He was in Israel when the truth caught up to him.
"I played over there for a month," Haywoode Workman recalled. "Just to see if I could play. We got to the finals, but I just couldn't do what I wanted to do. I thought I let the team down, because they'd counted on me a lot. The guys that were there were American guys, and I was like, they're going at me because I played in the league, and I wished I could do what I wanted to do. But I just couldn't."
It was the end of a solid, if unspectacular, playing career that over the course of a decade had taken him from Atlanta to Washington to Indiana to Milwaukee. Workman was the quintessential backup point guard who probably had another four or five years in him, but a knee injury he suffered in 1996 never really came around. At 36, he needed another gig.

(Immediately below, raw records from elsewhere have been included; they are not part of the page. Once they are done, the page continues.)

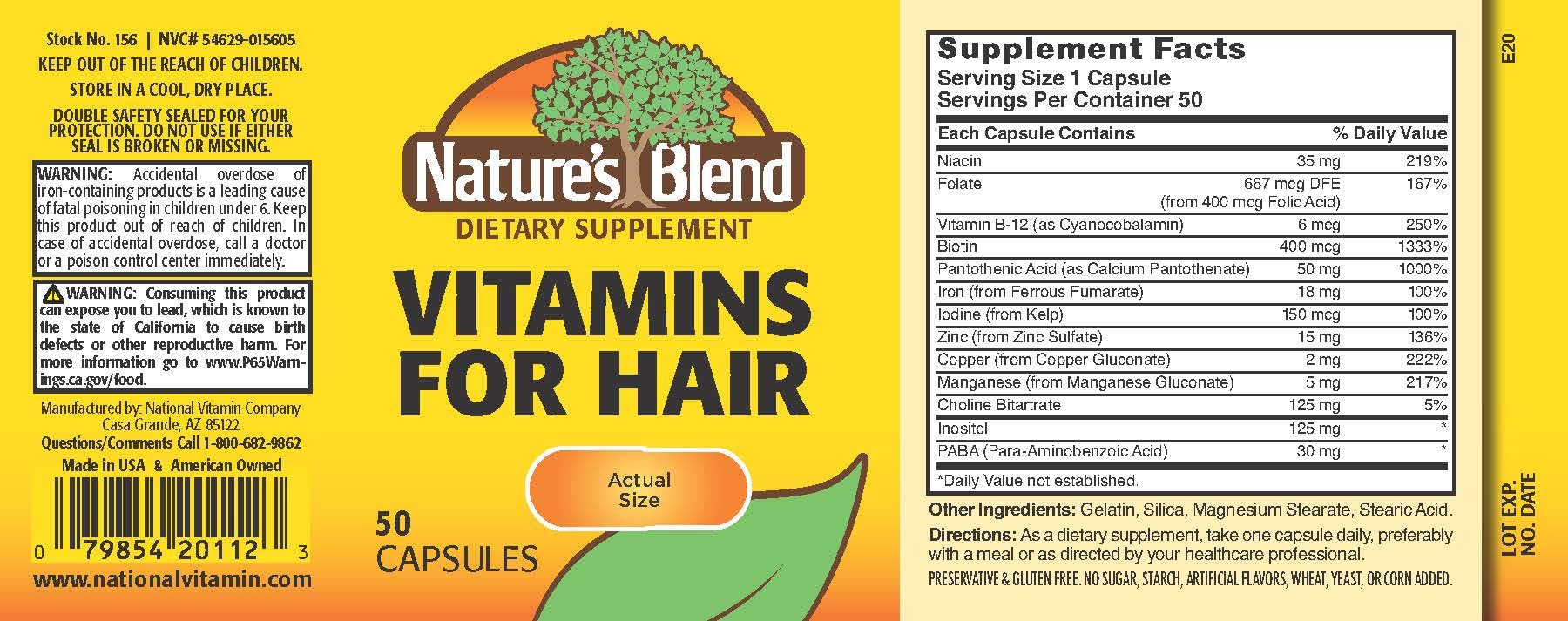 Nature's Blend Vitamins For Hair Capsules 50 Ct Nature's BlendAu supplements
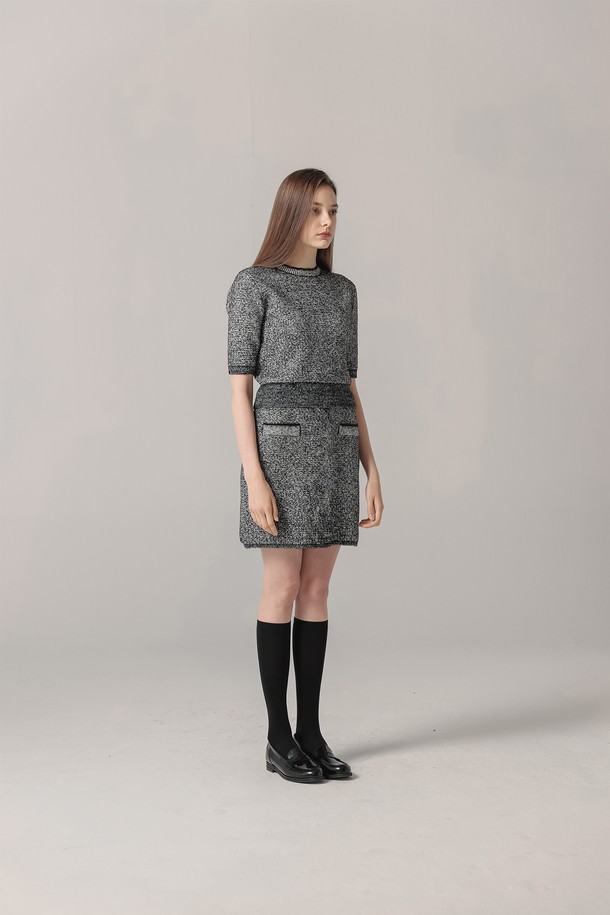 pelote - 미디스커트 - Tweed Wool H-Skirt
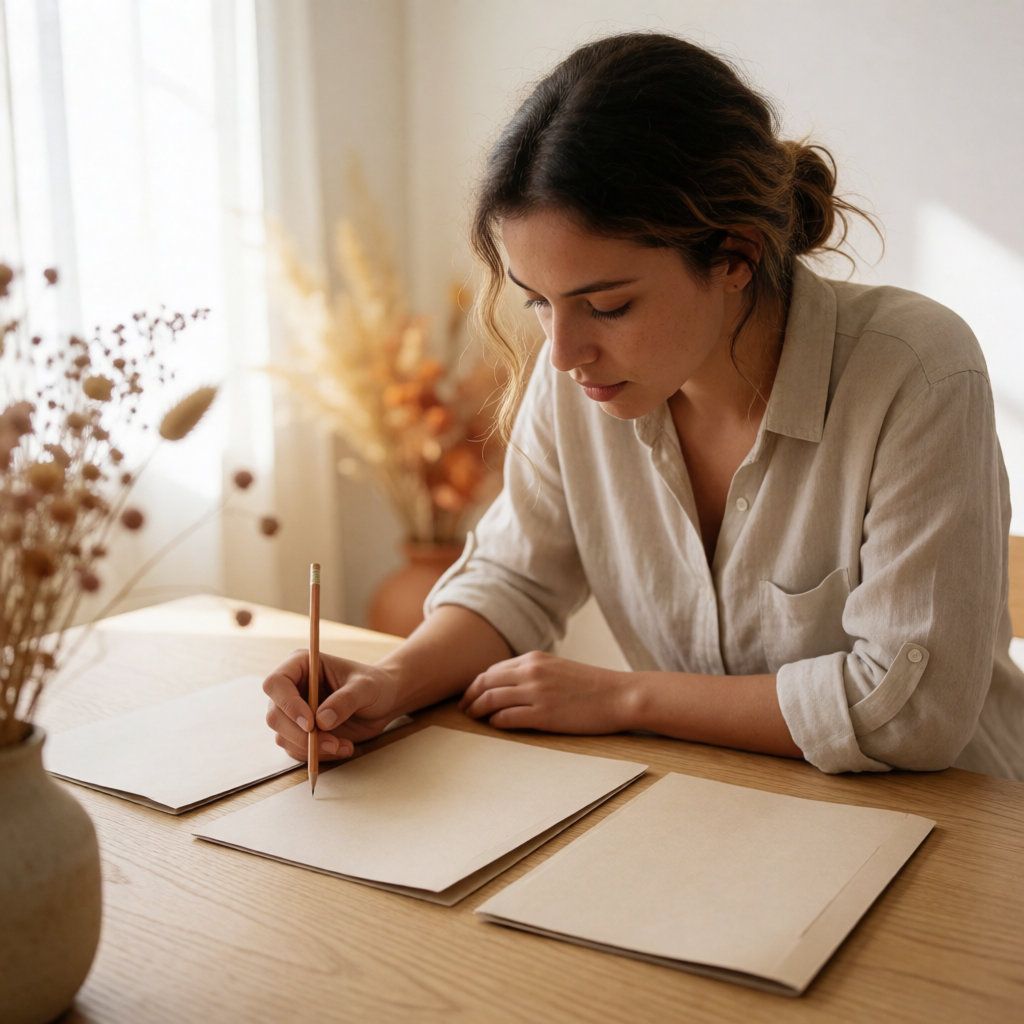 Young woman comparing three folders on a light wooden table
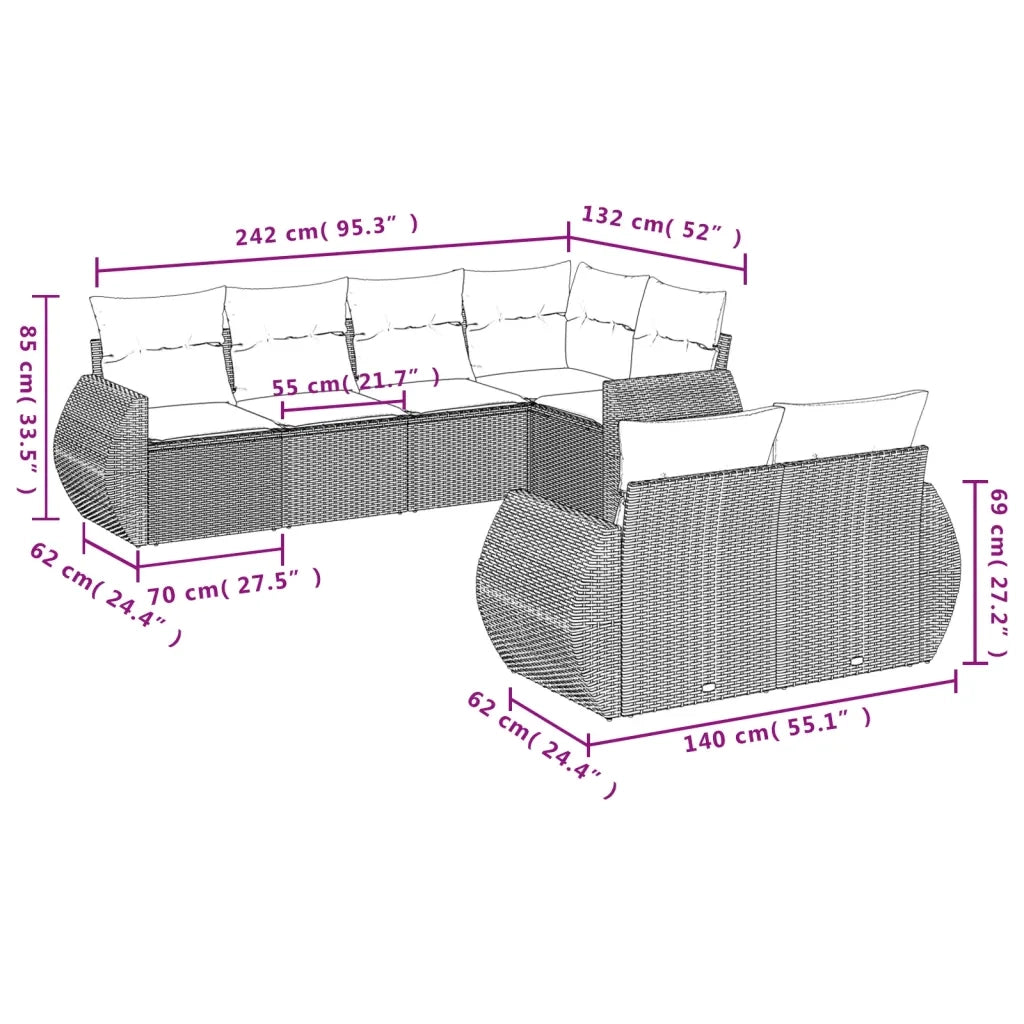 Set Divani da Giardino con Cuscini 7pz Nero Polyrattan 3221604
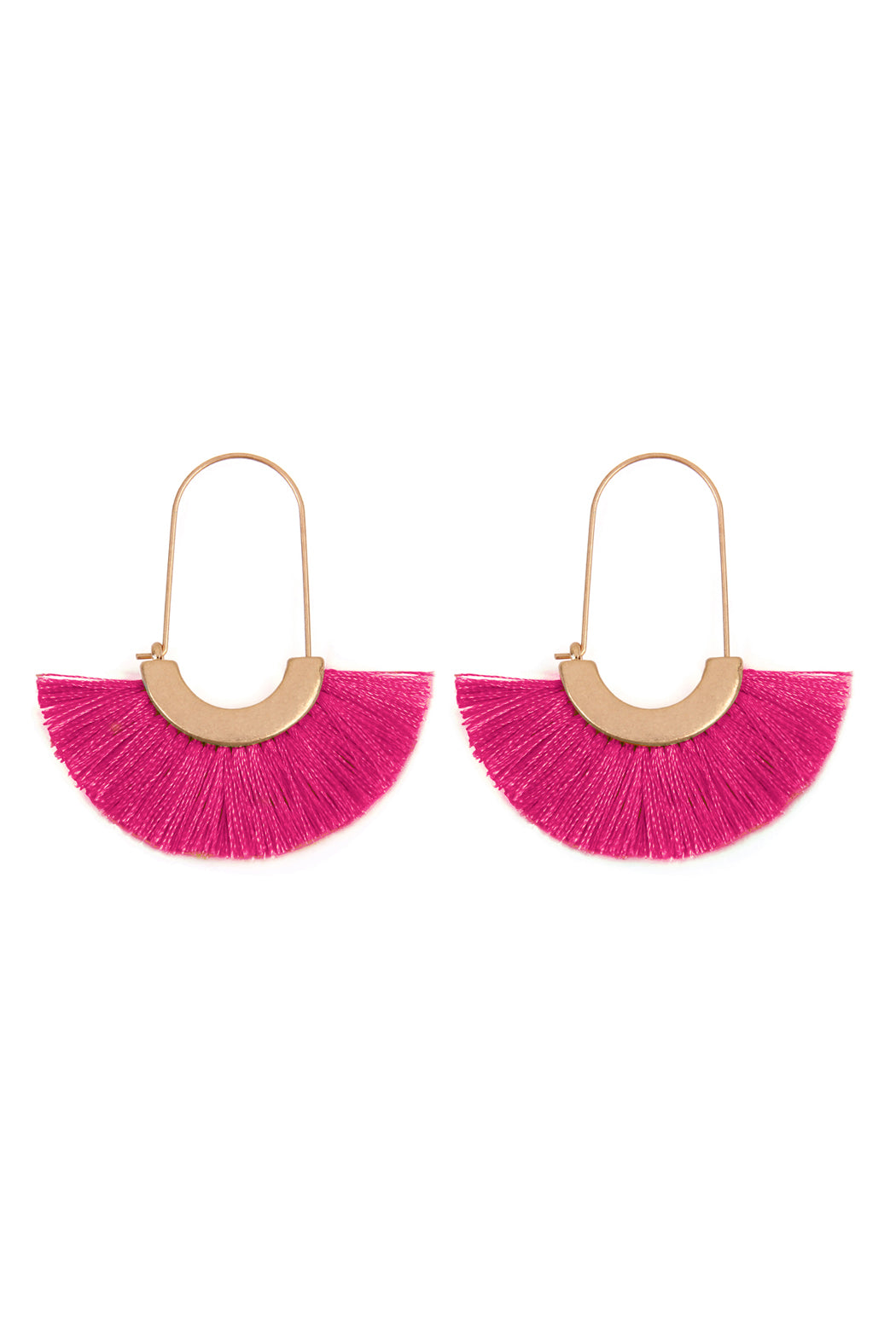 Fan Shaped Drop Hoop Earrings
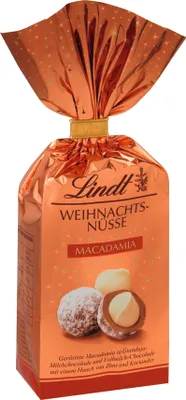 Produktbild von Lindt Weihnachts Nüsse Macadamia in Vollmilchschokolade 100g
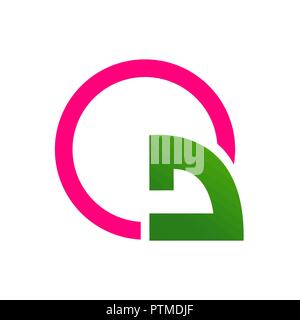 Abstract Turn arrow with pink circle logo template Stock Vector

That's when he recalled a conversation he had in Florida in the summer of 2001. While working out, he ran into NBA referee Bob Delaney.
"He was like, 'you ever think about reffing,?'" Workman said. "And last summer I just said I'll try it out."
Two years later, Workman is still at it as an official, trying to follow in the footsteps of other ex-players Bernie Fryer and Leon Wood. It's highly unlikely he'll be an NBA ref this season, or next season, for that matter. But he's in the pipeline, and he's determined to work wherever he needs to improve.
"I wanted to be an all-star as a player, one of those upper-eschelon players, but I never reached that," Workman says. "But now, I can contribute to the game another way. Just being an ex-player stepping on the court, you've got credibility. I might even enhance the game a little bit, because I played at that level. The way it's happening so fast, I don't know. I know it won't happen this year. I understand that. Because I'm not ready."
http://sports.espn.go.com/nba/columns/story?columnist=aldridge_david&id=1618689
That's great news... I always liked Haywoode... "Work work work work WORK!"